#### What this task involves
Each entry below should be restated word for word, without any picture it contains.

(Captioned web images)
* * * *

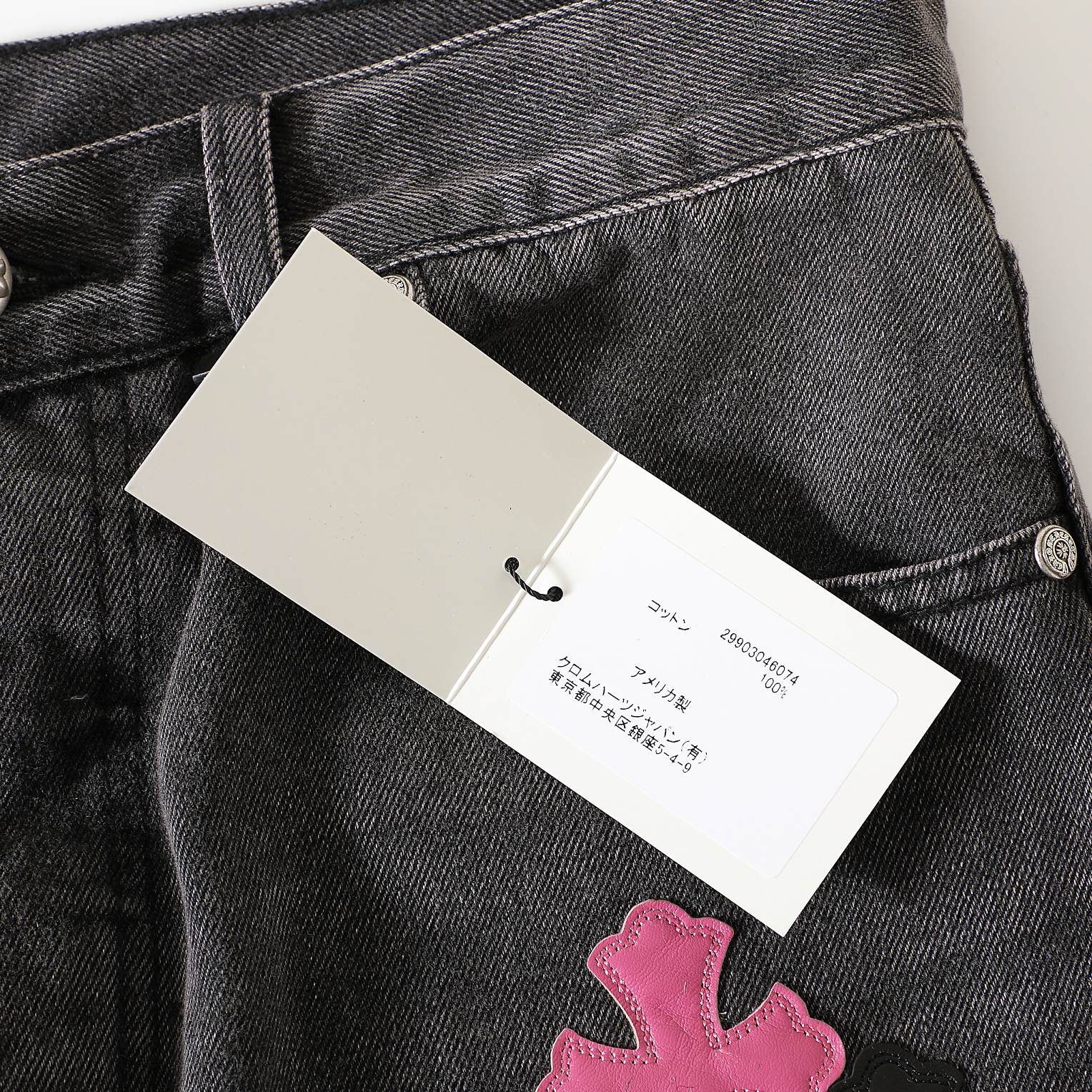 CH sex's dream jeans! These are truly the king of jeans; those in the know understand how rare they are—there are only a handful, and they currently fetch nearly 200,000 RMB on the market, making them incredibly difficult to find. The shop owner went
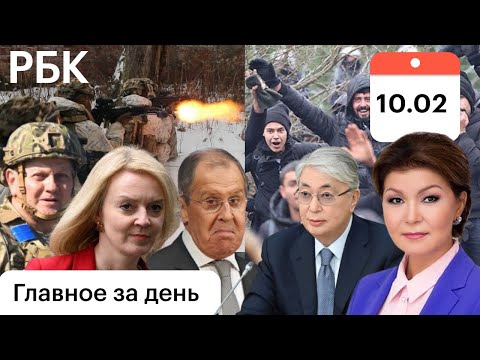 Донбасс: оценка потерь - 50 000. GB: Ростов не РФ. Токаев: переживаю. Дарига сдача мандата. Трибунал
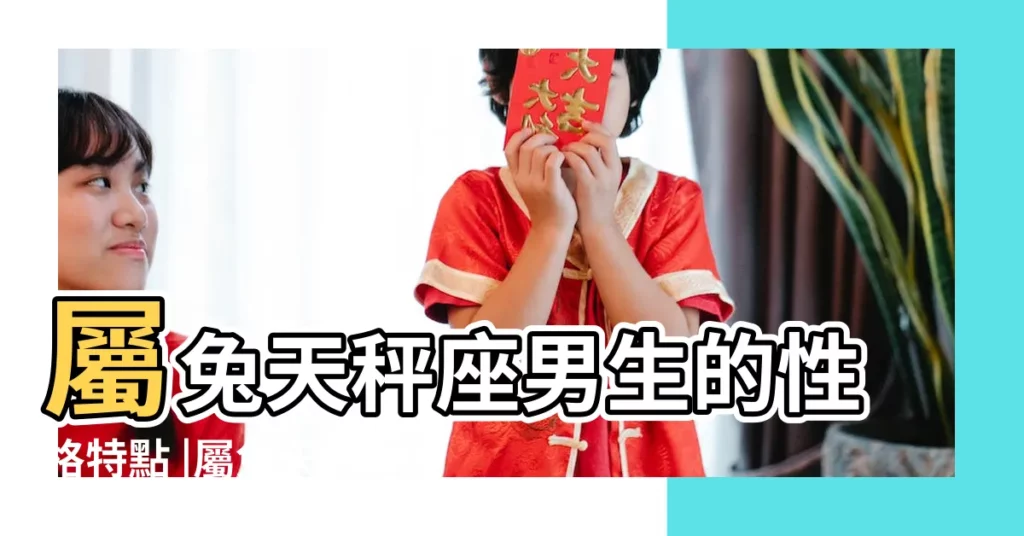 屬兔天秤座男生的性格特點 |屬兔天秤座男 |誰知道屬兔明年的運氣和愛情如何 |【屬兔天秤座男2016運勢】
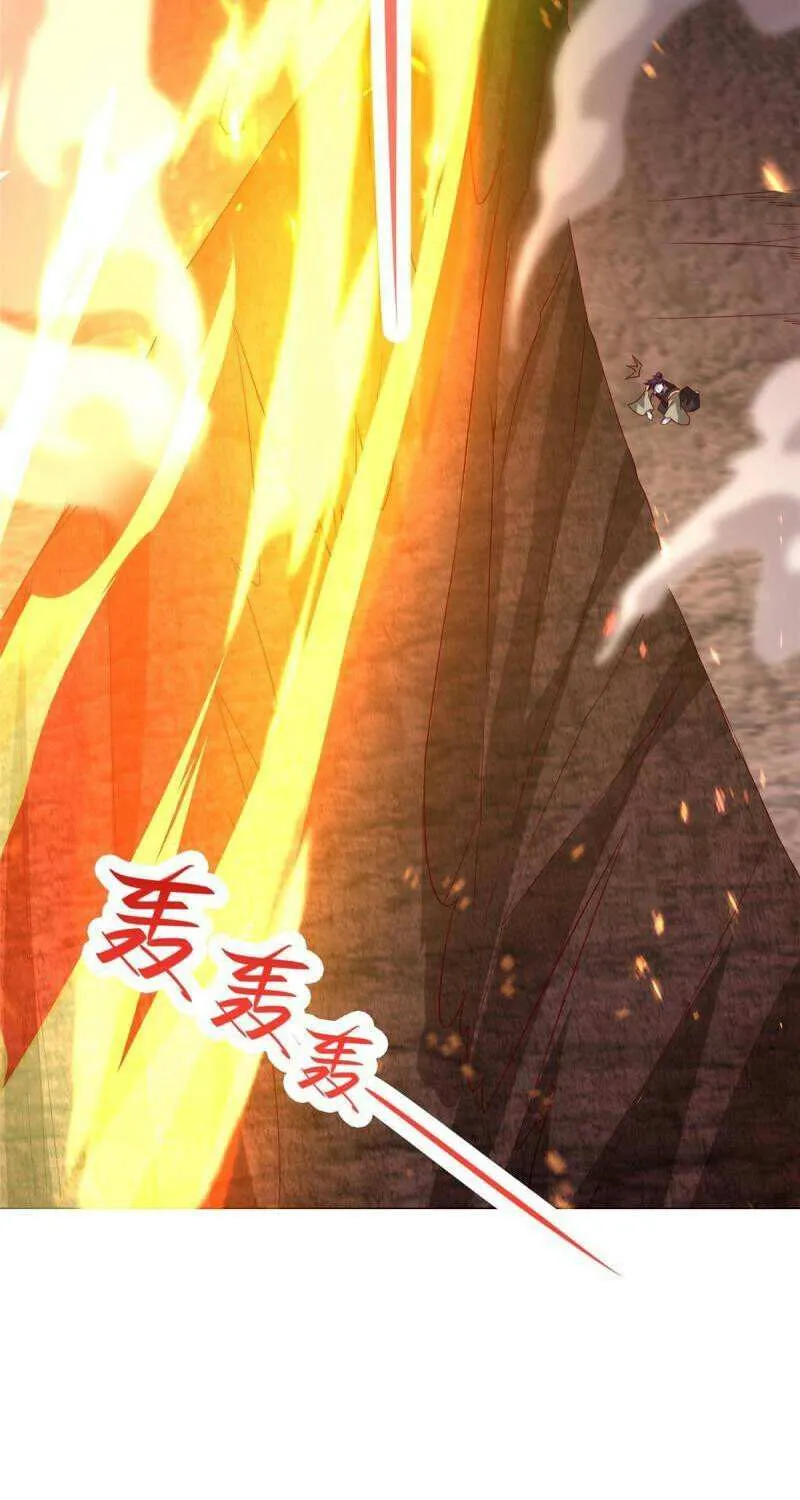 Dragon Master Chapter 318 page 24 - 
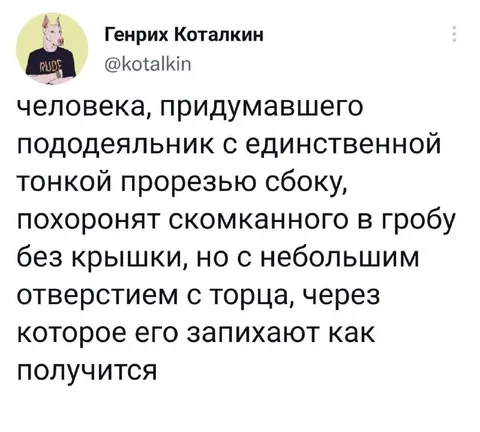 Изобретатель пододеяльника с прорезью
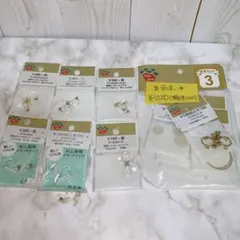 Item thumbnail for item 2d31b2e7-8701-4305-a6be-88102b208bf4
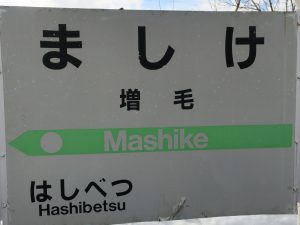 JR留萌本線 増毛駅 駅名票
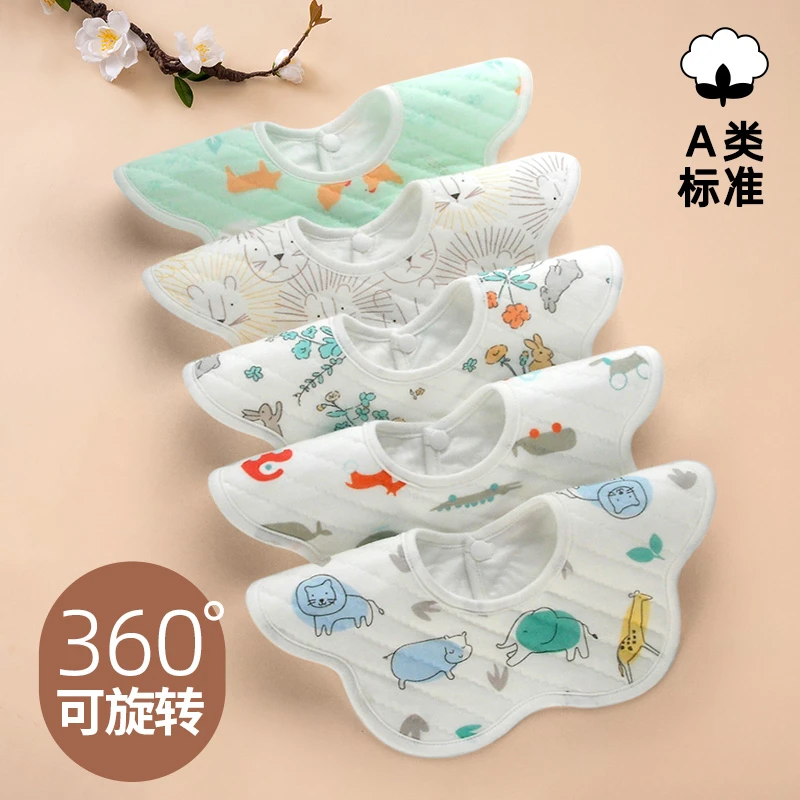 口水巾婴儿新生宝宝围嘴纯棉防水吐奶用品可旋转围兜秋冬透气围脖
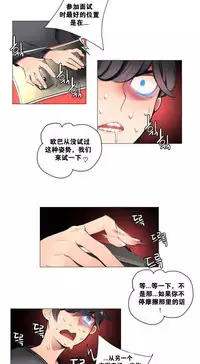 [Juder] 莉莉丝的脐带(Lilith`s Cord) Ch.1-24 [Chinese]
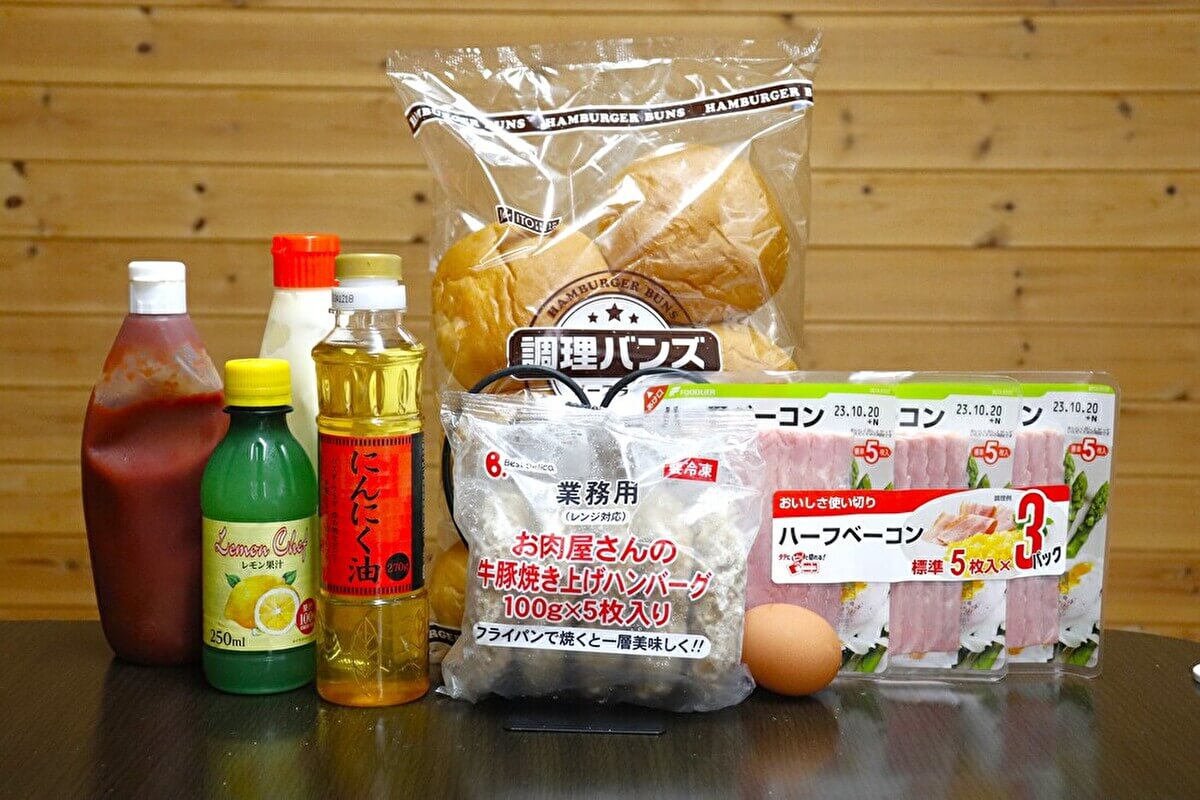 マクドナルド「月見バーガー」再現レシピの材料の画像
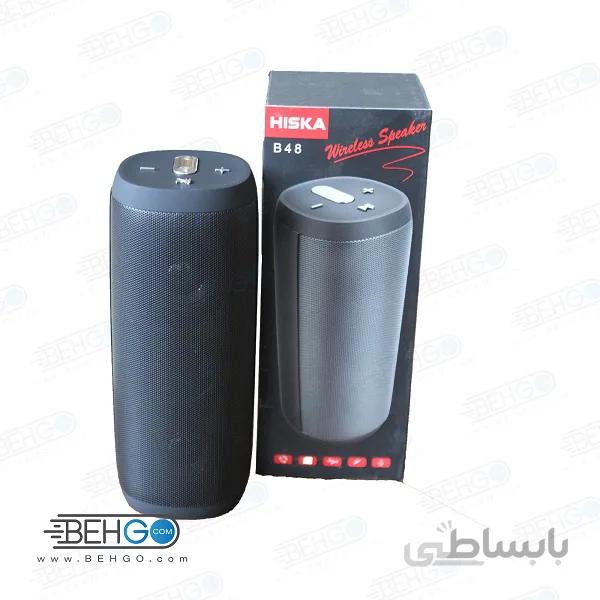 بلندگو یا اسپیکر اصلی بلوتوثی و فلش خور قابل حمل برند هیسکا با کیفیت Best Bluetooth speaker Hiska B48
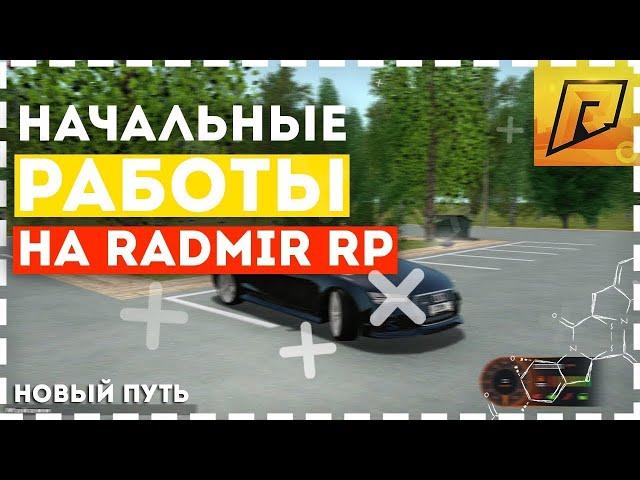 ЗАРПЛАТА НА РАБОТАХ I RADMIR CRMP I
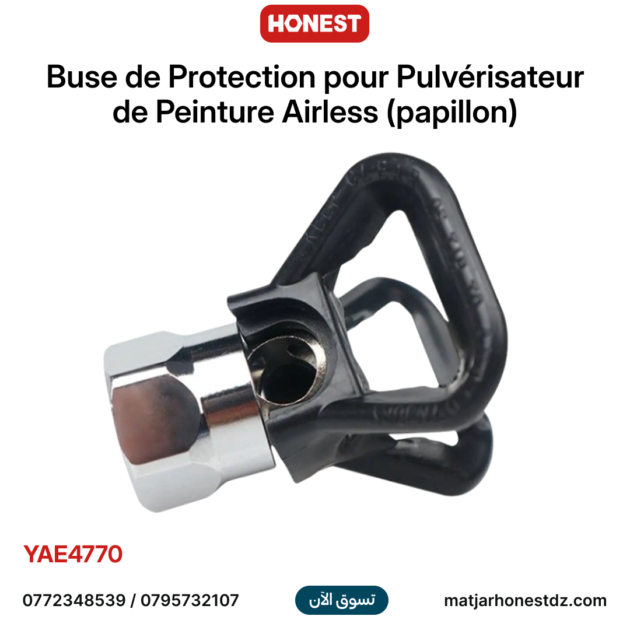 Buse de Protection pour Pulvérisateur de Peinture Airless (papillon)  HONESTPRO YAE4770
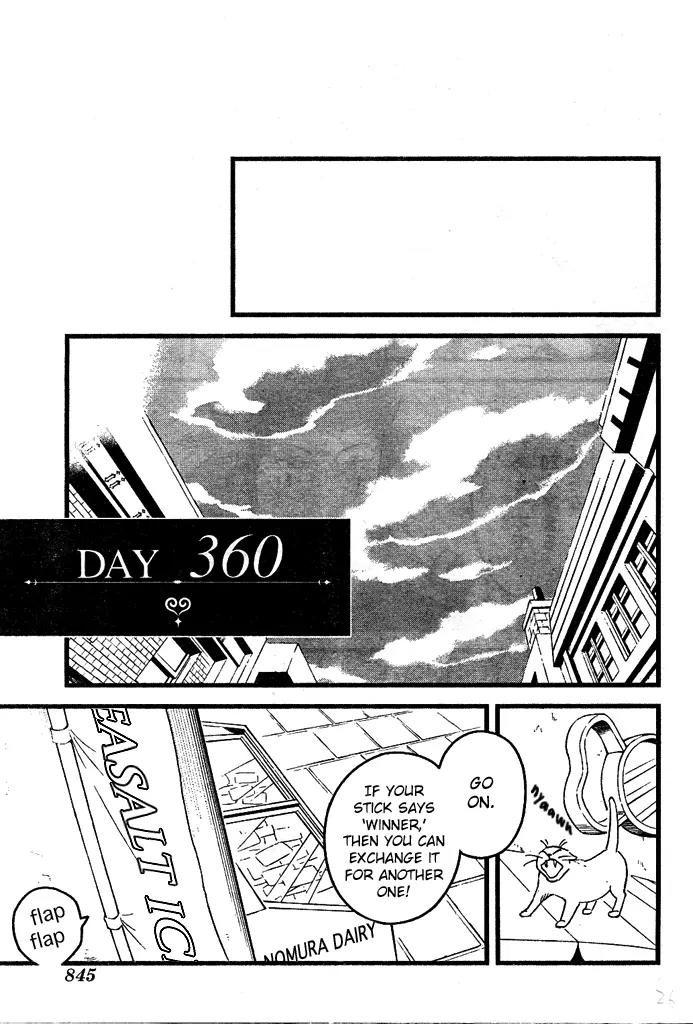 Kingdom Hearts: 358/2 Days Chapter 35 page 51 - Chapter 35: Nostalgic Dreams of Nobody [END]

* * * *

#### Written solution
 CH sex's dream jeans! These are truly the king of jeans; those in the know understand how rare they are—there are only a handful, and they currently fetch nearly 200,000 RMB on the market, making them incredibly difficult to find. The shop owner went
 Донбасс: оценка потерь - 50 000. GB: Ростов не РФ. Токаев: переживаю. Дарига сдача мандата. Трибунал
 屬兔天秤座男生的性格特點 |屬兔天秤座男 |誰知道屬兔明年的運氣和愛情如何 |【屬兔天秤座男2016運勢】
 Dragon Master Chapter 318 page 24 - 
 Изобретатель пододеяльника с прорезью
 Item thumbnail for item 2d31b2e7-8701-4305-a6be-88102b208bf4
 JR留萌本線 増毛駅 駅名票
 口水巾婴儿新生宝宝围嘴纯棉防水吐奶用品可旋转围兜秋冬透气围脖
 [Juder] 莉莉丝的脐带(Lilith`s Cord) Ch.1-24 [Chinese]
 マクドナルド「月見バーガー」再現レシピの材料の画像
 بلندگو یا اسپیکر اصلی بلوتوثی و فلش خور قابل حمل برند هیسکا با کیفیت Best Bluetooth speaker Hiska B48
 ЗАРПЛАТА НА РАБОТАХ I RADMIR CRMP I
 Buse de Protection pour Pulvérisateur de Peinture Airless (papillon)  HONESTPRO YAE4770
 Kingdom Hearts: 358/2 Days Chapter 35 page 51 - Chapter 35: Nostalgic Dreams of Nobody [END]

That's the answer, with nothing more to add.